[Short text fragments from websites]
========================================================================
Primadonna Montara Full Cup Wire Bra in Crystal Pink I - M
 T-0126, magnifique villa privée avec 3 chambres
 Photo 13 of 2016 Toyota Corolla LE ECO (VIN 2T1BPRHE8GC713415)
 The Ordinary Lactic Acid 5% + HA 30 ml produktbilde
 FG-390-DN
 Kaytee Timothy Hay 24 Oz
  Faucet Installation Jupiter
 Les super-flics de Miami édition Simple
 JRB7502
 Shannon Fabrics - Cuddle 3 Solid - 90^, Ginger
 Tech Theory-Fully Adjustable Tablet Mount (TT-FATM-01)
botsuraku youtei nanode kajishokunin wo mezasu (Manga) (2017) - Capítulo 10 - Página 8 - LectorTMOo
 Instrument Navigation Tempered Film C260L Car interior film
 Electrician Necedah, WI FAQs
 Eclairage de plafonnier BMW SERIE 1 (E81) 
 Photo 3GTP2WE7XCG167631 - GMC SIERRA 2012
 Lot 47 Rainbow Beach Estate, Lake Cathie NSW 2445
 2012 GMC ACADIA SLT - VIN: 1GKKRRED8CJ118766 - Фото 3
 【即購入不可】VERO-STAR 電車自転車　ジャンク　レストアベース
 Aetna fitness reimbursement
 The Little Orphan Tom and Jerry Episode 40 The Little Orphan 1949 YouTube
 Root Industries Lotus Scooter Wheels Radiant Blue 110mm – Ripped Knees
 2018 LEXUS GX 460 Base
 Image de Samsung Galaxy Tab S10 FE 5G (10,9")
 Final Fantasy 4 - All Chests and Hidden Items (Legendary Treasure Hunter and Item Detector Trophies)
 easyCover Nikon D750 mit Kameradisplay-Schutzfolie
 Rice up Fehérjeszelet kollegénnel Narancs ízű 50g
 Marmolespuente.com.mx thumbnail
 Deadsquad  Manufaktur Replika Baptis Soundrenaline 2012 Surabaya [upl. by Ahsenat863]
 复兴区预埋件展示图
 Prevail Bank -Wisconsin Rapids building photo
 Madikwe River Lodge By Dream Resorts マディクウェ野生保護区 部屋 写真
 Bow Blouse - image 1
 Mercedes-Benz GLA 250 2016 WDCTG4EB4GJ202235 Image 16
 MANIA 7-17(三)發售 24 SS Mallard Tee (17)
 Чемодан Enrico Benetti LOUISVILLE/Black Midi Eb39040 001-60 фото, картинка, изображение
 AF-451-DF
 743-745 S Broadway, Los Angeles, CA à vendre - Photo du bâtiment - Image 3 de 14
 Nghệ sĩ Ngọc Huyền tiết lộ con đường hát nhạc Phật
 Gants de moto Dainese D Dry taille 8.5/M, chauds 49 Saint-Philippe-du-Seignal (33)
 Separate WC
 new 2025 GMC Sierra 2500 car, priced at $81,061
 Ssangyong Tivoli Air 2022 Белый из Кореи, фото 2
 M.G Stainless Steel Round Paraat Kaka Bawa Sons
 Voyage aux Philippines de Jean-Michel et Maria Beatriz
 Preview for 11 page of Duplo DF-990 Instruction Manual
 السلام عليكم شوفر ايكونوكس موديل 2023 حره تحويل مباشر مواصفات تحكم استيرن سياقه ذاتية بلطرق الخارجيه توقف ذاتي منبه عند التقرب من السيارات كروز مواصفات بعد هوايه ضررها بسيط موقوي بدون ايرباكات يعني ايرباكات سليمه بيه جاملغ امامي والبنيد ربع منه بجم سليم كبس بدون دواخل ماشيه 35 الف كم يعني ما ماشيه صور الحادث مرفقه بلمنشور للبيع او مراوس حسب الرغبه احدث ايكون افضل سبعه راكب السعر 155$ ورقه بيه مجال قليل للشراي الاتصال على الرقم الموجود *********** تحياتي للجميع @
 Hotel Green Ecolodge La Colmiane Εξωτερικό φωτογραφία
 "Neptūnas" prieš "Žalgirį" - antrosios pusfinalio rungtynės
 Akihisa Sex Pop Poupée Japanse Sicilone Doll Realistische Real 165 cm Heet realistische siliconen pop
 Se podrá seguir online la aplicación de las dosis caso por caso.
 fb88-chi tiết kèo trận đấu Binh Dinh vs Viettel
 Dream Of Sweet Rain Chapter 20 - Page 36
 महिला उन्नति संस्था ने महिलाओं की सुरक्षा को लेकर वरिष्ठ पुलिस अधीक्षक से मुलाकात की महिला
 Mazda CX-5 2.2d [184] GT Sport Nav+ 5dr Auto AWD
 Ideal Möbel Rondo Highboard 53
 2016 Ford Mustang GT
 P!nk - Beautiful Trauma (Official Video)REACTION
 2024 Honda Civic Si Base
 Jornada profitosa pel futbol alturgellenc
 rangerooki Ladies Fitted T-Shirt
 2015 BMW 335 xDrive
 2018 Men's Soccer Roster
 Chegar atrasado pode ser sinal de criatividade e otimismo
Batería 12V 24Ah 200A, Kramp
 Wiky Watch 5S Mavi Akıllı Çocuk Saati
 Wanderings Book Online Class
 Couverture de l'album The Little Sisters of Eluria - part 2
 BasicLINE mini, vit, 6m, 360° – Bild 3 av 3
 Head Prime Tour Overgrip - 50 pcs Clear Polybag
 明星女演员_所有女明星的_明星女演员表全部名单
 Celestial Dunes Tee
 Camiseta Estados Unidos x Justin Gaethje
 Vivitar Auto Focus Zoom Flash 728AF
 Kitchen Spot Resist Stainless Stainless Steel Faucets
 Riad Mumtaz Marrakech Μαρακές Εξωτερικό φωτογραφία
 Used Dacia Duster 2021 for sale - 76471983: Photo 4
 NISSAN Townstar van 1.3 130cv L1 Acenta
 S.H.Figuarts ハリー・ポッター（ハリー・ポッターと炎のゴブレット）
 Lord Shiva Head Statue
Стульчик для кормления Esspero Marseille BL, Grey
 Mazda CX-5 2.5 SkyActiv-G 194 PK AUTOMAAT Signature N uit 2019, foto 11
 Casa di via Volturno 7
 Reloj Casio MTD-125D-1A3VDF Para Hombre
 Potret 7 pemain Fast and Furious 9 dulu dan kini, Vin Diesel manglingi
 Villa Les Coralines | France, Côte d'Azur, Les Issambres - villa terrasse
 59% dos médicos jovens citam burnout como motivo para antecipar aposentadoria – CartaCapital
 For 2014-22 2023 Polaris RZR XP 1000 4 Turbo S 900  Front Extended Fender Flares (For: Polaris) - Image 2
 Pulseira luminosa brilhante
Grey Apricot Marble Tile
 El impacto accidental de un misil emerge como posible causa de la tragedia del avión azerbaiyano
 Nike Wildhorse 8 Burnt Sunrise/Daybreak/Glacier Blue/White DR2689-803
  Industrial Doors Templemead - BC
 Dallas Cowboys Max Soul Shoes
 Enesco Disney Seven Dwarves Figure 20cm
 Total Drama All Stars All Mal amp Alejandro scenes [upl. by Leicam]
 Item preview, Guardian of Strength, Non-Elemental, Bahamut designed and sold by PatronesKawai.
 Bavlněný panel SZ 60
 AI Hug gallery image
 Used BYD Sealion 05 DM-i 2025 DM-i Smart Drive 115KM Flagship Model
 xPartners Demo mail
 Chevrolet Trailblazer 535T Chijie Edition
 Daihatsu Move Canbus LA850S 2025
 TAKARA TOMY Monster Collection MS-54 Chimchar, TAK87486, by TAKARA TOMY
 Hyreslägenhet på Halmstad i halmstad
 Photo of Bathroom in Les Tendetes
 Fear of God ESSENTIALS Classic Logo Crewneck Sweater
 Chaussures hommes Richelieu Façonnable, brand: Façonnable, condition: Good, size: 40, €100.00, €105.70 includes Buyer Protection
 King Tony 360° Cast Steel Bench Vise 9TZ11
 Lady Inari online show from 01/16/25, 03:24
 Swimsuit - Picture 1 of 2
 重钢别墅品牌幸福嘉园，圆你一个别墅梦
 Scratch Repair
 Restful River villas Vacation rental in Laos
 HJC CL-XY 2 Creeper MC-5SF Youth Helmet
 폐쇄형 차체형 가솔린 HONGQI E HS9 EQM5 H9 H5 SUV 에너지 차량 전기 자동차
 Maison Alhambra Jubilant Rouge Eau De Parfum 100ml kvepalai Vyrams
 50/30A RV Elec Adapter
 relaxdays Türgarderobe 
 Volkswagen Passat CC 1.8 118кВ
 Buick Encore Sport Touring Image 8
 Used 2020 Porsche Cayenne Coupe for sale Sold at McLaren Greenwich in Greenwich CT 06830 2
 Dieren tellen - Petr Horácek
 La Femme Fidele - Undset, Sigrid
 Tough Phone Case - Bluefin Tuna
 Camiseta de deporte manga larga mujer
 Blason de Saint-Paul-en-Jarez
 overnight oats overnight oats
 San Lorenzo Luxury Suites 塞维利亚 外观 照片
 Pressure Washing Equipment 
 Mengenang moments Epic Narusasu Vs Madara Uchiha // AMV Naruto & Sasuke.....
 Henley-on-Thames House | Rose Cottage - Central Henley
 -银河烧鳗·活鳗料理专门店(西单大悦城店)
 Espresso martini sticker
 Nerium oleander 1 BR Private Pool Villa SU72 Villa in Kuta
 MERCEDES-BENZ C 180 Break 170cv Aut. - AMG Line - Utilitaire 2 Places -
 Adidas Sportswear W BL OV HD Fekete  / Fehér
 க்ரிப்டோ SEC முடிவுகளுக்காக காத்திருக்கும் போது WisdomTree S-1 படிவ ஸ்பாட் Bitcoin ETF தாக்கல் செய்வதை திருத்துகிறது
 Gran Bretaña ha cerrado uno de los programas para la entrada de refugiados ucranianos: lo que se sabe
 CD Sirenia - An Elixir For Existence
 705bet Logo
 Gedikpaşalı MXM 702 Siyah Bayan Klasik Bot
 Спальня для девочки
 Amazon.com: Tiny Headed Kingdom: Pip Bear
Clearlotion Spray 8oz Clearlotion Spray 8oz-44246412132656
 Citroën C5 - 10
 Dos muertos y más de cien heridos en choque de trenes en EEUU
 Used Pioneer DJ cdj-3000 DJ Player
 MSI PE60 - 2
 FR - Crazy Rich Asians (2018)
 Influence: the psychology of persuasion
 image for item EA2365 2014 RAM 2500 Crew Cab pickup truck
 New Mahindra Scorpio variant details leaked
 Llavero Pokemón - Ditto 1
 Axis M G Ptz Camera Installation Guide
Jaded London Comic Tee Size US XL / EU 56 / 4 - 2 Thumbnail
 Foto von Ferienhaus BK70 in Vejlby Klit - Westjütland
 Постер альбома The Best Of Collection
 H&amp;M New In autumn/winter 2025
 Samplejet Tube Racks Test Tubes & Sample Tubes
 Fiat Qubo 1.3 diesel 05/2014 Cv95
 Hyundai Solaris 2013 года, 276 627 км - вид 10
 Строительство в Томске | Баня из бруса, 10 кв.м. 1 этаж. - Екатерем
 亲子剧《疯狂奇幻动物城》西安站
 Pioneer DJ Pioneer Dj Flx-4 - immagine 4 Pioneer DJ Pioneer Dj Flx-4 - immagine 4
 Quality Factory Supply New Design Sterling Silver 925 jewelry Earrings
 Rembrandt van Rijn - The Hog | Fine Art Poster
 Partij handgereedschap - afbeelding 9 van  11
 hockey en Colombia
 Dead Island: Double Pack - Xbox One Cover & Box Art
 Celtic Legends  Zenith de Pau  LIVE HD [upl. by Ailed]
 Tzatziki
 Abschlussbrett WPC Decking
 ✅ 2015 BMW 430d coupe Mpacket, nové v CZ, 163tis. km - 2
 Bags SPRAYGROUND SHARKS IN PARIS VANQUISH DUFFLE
========================================================================
**ABOUT THIS TASK**
Each of the lines from the one holding "Adidas Sportswear W" through the final line of the entries is to be set down exactly, and no others.

**TASK ANSWER**
 Adidas Sportswear W BL OV HD Fekete  / Fehér
 க்ரிப்டோ SEC முடிவுகளுக்காக காத்திருக்கும் போது WisdomTree S-1 படிவ ஸ்பாட் Bitcoin ETF தாக்கல் செய்வதை திருத்துகிறது
 Gran Bretaña ha cerrado uno de los programas para la entrada de refugiados ucranianos: lo que se sabe
 CD Sirenia - An Elixir For Existence
 705bet Logo
 Gedikpaşalı MXM 702 Siyah Bayan Klasik Bot
 Спальня для девочки
 Amazon.com: Tiny Headed Kingdom: Pip Bear
Clearlotion Spray 8oz Clearlotion Spray 8oz-44246412132656
 Citroën C5 - 10
 Dos muertos y más de cien heridos en choque de trenes en EEUU
 Used Pioneer DJ cdj-3000 DJ Player
 MSI PE60 - 2
 FR - Crazy Rich Asians (2018)
 Influence: the psychology of persuasion
 image for item EA2365 2014 RAM 2500 Crew Cab pickup truck
 New Mahindra Scorpio variant details leaked
 Llavero Pokemón - Ditto 1
 Axis M G Ptz Camera Installation Guide
Jaded London Comic Tee Size US XL / EU 56 / 4 - 2 Thumbnail
 Foto von Ferienhaus BK70 in Vejlby Klit - Westjütland
 Постер альбома The Best Of Collection
 H&amp;M New In autumn/winter 2025
 Samplejet Tube Racks Test Tubes & Sample Tubes
 Fiat Qubo 1.3 diesel 05/2014 Cv95
 Hyundai Solaris 2013 года, 276 627 км - вид 10
 Строительство в Томске | Баня из бруса, 10 кв.м. 1 этаж. - Екатерем
 亲子剧《疯狂奇幻动物城》西安站
 Pioneer DJ Pioneer Dj Flx-4 - immagine 4 Pioneer DJ Pioneer Dj Flx-4 - immagine 4
 Quality Factory Supply New Design Sterling Silver 925 jewelry Earrings
 Rembrandt van Rijn - The Hog | Fine Art Poster
 Partij handgereedschap - afbeelding 9 van  11
 hockey en Colombia
 Dead Island: Double Pack - Xbox One Cover & Box Art
 Celtic Legends  Zenith de Pau  LIVE HD [upl. by Ailed]
 Tzatziki
 Abschlussbrett WPC Decking
 ✅ 2015 BMW 430d coupe Mpacket, nové v CZ, 163tis. km - 2
 Bags SPRAYGROUND SHARKS IN PARIS VANQUISH DUFFLE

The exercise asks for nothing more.